# Help: Nurse back to health



## Chris (Mar 10, 2009)

I have a maudiae seedling that has struggled ever since a bout with mealy bugs. Have a look: 


















It has been this way for several months. I'm wondering if I should expect it to fully recover? I know paphs are hardy, but still...

Do you have any tricks to help it on the way? Are there any special care guidelines to help improve the odds? 

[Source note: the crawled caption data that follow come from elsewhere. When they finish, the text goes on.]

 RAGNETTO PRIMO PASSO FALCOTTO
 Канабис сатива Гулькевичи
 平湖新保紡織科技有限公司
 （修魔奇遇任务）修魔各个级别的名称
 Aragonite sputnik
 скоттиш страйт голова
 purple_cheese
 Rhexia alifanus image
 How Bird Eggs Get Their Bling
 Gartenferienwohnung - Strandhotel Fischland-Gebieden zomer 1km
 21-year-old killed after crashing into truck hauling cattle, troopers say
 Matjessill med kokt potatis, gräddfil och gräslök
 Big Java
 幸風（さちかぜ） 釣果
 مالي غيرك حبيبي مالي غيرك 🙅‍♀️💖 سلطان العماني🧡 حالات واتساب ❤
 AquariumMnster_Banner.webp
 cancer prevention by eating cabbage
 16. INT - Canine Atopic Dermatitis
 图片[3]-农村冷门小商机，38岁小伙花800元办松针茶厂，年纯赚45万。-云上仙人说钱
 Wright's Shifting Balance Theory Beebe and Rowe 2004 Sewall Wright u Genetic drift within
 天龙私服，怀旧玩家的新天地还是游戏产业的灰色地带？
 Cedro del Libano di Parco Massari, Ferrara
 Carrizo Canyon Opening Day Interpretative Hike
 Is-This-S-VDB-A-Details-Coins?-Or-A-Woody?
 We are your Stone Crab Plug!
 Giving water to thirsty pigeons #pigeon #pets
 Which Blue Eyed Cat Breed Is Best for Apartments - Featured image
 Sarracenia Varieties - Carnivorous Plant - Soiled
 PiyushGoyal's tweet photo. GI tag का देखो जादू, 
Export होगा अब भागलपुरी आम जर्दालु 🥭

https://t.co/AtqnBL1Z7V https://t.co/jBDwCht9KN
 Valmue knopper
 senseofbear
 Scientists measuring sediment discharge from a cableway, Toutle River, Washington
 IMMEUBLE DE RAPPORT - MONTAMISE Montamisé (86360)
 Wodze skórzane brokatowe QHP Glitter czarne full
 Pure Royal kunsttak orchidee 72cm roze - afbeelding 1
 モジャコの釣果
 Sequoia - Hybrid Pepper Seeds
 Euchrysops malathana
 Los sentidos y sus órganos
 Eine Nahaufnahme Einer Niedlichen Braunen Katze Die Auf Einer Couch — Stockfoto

I have been watering it as usual, but I have not fertilized since the little root looked so frail I was afraid I'd burn it. 

Thanks for your input.


----------



## paphioboy (Mar 11, 2009)

I have saved some paphs which are slightly better looking than that, but also with very few roots and leaves. As there's clearly a new leaf on your plant, it should grow, but be aware that sickly seedlings like this may take a very long time to recover. If I were you (and if that particular cross is replaceable), I'd just throw it away and look out for another one. Too much time and effort taken to nurse it back to health, IMHO..


----------



## goldenrose (Mar 11, 2009)

Sorry, I'd have a tendency to agree with Paphioboy.


----------



## SlipperKing (Mar 11, 2009)

Go to ebay and get another Maudiae type. Chalk this one up as experience


----------



## Chris (Mar 11, 2009)

Unfortunately, it WAS hard to find (the mealies must have good taste...)
so I'll probably just keep watering it like the rest of my plants. One more isn't that much additional effort. 

Thanks for the heads up.


----------



## NYEric (Mar 11, 2009)

THe new growth looks healthy. I would expect a full recovery as long as you continue to treat the plant *and media* for the cause of the problem. I have a whole bunch of plants that have brown lines from damage by pests but they are growing out healthy. BTW, I never throw anything out, I just isolate them and work extra carefully on them.


----------



## SlipperFan (Mar 11, 2009)

Be careful not to overwater it, as there is very little leaf to transpire.


----------